Черный Красавчик - Анна Сьюэлл 15 стр.


– Вот это да! – восхищенно разинул рот мой хозяин. – Выходит, у меня не жена, а прямо домашний священник. Совершенно с твоими словами согласен. Тем более что я успел сегодня уже сходить к ранней проповеди. Беги к своей Дайне. Скажешь, выедем ровно в десять. А потом попроси мясника Брейдона одолжить мне свою двуколку. Он обычно по воскресеньям на ней не ездит. А для коня она будет большим облегчением.

Полли кинулась вон со двора. Вернувшись, она сообщила, что мистер Брейдон с удовольствием даст на сегодня свою двуколку. Хозяин обрадовался и начал готовить меня к путешествию.

– Собери мне в дорогу хлеба и сыра, – запрягая меня в двуколку, сказал он жене. – Мы с Джеком уж постараемся обернуться как можно быстрее.

Ровно в десять мы выехали.
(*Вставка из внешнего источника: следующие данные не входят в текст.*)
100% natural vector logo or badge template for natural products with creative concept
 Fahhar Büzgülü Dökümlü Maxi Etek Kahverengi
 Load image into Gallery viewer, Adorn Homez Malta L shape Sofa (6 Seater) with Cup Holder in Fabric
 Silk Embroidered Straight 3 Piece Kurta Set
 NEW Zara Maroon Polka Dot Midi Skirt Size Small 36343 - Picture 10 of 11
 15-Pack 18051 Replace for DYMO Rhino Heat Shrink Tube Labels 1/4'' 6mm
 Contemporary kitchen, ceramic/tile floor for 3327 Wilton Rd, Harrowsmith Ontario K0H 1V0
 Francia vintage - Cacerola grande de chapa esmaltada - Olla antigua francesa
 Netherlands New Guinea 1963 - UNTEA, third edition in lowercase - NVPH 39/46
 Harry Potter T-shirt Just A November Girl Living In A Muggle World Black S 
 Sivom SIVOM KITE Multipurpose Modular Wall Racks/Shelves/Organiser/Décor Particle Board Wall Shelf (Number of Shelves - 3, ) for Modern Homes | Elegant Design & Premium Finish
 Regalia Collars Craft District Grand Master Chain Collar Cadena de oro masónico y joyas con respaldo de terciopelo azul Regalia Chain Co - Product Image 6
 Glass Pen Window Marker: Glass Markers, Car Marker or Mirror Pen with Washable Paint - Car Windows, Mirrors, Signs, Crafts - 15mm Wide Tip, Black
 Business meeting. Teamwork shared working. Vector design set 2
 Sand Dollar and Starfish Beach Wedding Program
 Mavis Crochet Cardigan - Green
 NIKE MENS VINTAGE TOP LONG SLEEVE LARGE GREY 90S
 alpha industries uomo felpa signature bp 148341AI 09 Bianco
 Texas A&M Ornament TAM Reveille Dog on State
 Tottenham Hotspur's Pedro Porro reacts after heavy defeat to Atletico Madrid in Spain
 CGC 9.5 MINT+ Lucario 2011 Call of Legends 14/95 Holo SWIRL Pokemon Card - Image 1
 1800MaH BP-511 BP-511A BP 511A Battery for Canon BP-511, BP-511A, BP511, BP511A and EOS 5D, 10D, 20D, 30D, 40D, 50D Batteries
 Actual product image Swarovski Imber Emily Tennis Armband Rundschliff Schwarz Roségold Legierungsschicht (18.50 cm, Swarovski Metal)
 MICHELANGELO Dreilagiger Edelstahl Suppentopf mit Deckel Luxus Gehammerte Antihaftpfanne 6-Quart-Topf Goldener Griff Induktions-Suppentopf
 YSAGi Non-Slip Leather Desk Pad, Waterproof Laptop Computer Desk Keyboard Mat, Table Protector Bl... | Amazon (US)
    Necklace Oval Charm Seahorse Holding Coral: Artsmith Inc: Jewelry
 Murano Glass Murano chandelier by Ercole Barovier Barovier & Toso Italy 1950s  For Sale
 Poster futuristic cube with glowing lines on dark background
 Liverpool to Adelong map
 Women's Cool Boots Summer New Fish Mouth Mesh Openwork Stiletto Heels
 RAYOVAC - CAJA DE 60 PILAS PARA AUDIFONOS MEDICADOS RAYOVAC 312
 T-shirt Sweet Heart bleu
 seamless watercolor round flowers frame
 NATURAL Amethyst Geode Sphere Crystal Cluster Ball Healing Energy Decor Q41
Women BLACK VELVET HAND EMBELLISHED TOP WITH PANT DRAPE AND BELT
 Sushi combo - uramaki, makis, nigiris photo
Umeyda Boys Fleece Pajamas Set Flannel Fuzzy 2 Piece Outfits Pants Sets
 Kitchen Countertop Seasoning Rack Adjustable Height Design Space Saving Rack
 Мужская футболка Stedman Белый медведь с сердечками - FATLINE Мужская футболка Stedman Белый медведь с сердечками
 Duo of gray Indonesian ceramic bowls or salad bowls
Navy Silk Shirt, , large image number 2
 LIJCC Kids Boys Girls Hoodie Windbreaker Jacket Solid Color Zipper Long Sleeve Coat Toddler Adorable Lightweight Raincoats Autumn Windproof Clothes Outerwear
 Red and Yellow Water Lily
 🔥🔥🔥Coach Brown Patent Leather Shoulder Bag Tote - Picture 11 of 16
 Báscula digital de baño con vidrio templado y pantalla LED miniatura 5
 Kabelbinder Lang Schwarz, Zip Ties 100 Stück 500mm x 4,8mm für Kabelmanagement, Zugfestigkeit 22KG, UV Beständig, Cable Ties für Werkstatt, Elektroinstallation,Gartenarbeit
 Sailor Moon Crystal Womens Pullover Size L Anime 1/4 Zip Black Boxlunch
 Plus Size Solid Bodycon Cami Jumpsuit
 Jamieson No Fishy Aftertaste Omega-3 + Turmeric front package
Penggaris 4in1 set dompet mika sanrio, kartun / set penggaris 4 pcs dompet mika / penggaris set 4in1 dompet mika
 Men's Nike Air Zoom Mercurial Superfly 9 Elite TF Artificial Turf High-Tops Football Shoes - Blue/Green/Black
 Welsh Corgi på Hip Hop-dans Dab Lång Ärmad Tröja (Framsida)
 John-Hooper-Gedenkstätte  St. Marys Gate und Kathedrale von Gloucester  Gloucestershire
Джерри насвистывал что-то веселое, а двуколка на высоких колесах шла настолько легко, что я после кеба ощущал приятную легкость.

Выдался замечательный майский день. Миновав Лондон, мы оказались за городом. Свежий воздух, пахнущий молодой травой, и мягкая пыль деревенских дорог под копытами живо напоминали мне самые лучшие годы жизни. Я вздохнул полной грудью. Силы мои утроились, и я весело побежал вперед.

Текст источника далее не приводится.